International Day of the Indigenous Peoples
The youth celebrated the International Day of Indigenous Peoples on August 9 with a discussion on Adivasi history and their perspective on their identity, rights and marginalisation. It was followed by a visit to the Nehru Centenary Tribal Museum where the participants viewed and discussed the various displays on Adivasi tools, homes, culture and lifestyle. They also visited the historic Charminar as part of their local visits in Hyderabad.
Theatre Workshop
A three-day workshop on the Theatre of the Oppressed was facilitated by theatre practitioner Avijit Solanki. It introduced the participants to appreciate the synergy between the body and mind, the innateness of performance in human society and centrality of the intervention of the audience in a non-sermonizing form of theatre that helps the audience identify social issues which form their lived realities and nudge them to change it, thus acting as a catalyst in revolution. The workshop involved a range of movement-based games, activities that required them to imagine, enact and observe themselves in a situation, and culminated in a short performance directed and staged by the participants with oppression at the heart of the discourse.
Laws and Governance
The participants were introduced to systems of local governance and laws that pertain to administration in scheduled areas. It included group discussions on the functioning of panchayats in scheduled and non-scheduled areas, customary laws regarding marriage, and land inheritance. A session on inheritance of property under the Hindu Succession Act (HSA), Muslim and Christian Personal Laws on inheritance was held to understand the position of scheduled tribes in the crossroads between their customary laws and the HSA.

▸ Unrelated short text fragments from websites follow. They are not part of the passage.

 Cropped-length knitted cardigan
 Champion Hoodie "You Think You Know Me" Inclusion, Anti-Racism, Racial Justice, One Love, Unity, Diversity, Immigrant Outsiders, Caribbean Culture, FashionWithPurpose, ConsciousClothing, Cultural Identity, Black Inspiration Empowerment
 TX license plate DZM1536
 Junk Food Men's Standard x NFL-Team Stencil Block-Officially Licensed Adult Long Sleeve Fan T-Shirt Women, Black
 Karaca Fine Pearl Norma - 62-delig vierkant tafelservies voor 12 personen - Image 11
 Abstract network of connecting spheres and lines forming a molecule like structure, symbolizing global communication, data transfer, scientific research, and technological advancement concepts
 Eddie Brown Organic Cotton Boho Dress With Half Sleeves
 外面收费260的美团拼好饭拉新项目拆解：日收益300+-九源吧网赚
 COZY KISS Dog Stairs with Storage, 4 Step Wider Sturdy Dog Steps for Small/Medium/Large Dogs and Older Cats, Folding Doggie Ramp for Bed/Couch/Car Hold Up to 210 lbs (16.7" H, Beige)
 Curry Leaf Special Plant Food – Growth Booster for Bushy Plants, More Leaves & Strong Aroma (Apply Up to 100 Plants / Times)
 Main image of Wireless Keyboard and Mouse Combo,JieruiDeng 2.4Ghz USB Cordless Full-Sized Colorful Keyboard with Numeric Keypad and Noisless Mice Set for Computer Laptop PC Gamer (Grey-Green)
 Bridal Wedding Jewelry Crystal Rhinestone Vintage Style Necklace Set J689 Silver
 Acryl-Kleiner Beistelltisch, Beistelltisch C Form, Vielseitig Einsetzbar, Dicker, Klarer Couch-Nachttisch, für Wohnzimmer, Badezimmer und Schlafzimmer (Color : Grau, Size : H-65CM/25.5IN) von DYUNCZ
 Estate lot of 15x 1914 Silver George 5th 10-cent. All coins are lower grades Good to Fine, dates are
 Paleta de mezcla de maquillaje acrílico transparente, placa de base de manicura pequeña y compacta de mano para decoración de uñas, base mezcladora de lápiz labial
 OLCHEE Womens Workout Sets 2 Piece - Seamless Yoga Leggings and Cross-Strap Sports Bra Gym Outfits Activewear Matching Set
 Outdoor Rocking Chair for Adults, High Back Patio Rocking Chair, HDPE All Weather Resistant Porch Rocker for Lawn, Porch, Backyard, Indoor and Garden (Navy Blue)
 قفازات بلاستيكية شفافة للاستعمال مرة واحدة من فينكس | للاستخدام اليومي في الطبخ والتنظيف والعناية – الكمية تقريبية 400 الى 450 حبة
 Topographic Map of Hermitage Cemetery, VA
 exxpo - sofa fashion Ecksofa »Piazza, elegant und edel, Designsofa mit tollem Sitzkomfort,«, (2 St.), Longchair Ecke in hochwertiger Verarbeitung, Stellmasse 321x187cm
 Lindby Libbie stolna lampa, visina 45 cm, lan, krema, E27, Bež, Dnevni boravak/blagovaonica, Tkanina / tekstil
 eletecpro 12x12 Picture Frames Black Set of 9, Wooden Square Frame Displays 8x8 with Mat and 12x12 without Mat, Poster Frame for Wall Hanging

Caste and Intersectionalities
The Marathi film Sairat (2016) was screened for a discussion on caste and identities, the power of representation and realism grounded in the lives of the marginalized and intersectionalities that inform one’s privilege and upward mobility in society. It led to a discussion on honour and punishment, purity and pollution at the intersection of caste and women’s sexuality. Participants also reflected on how their community and caste panchayats would view and deal with inter-caste marriages.
Independence Day
A precursor to the session on Independence Day was a debate on “Are we all equal?” as participants reflected on what changed from 14th August to 16th August in 1947 and discussed on equality in principle and reality. This was followed by a session on Adivasi leaders that contributed to the freedom struggle who are oft-neglected or their agency is downplayed. The Hindi film Rang De Basanti (2006) was screened to evoke a belief in the possibility to strive for change and revolution.
Sessions with Experts
The youth course collaborated with scholars and experts working on fields relevant to Dalit and Adivasi rights through resource person sessions and exposure visits. Dr. Sudarshan Balaboina, director of the Phule Ambedkar Centre for Philosophical and English Training and professor of political science at Osmania University, conducted a session on Dalit identity, history and functioning of caste through endogamy and gender and caste intersecting to produce relationships of domination and oppression. Dr. Palla Trinadha Rao, a lawyer and scholar who works on Adivasi land and forest rights, conducted a session on scheduled tribes as a Constitutional category, nuances of transfer of land ownership in scheduled areas and discussion on Forest Rights Act (2006) and Panchayat Extension to Scheduled Areas (1996).
Palle Srujana
The participants went on an exposure visit to Palle Srujana, a volunteer-based organisation, that promotes grassroots entrepreneurship and innovations and helps them obtain patents and recognition from governments. Mr. Subash Chander introduced the participants to various agricultural tools and machines that are local innovations and encouraged them to creatively design solutions to problems that are posed in everyday rural lives.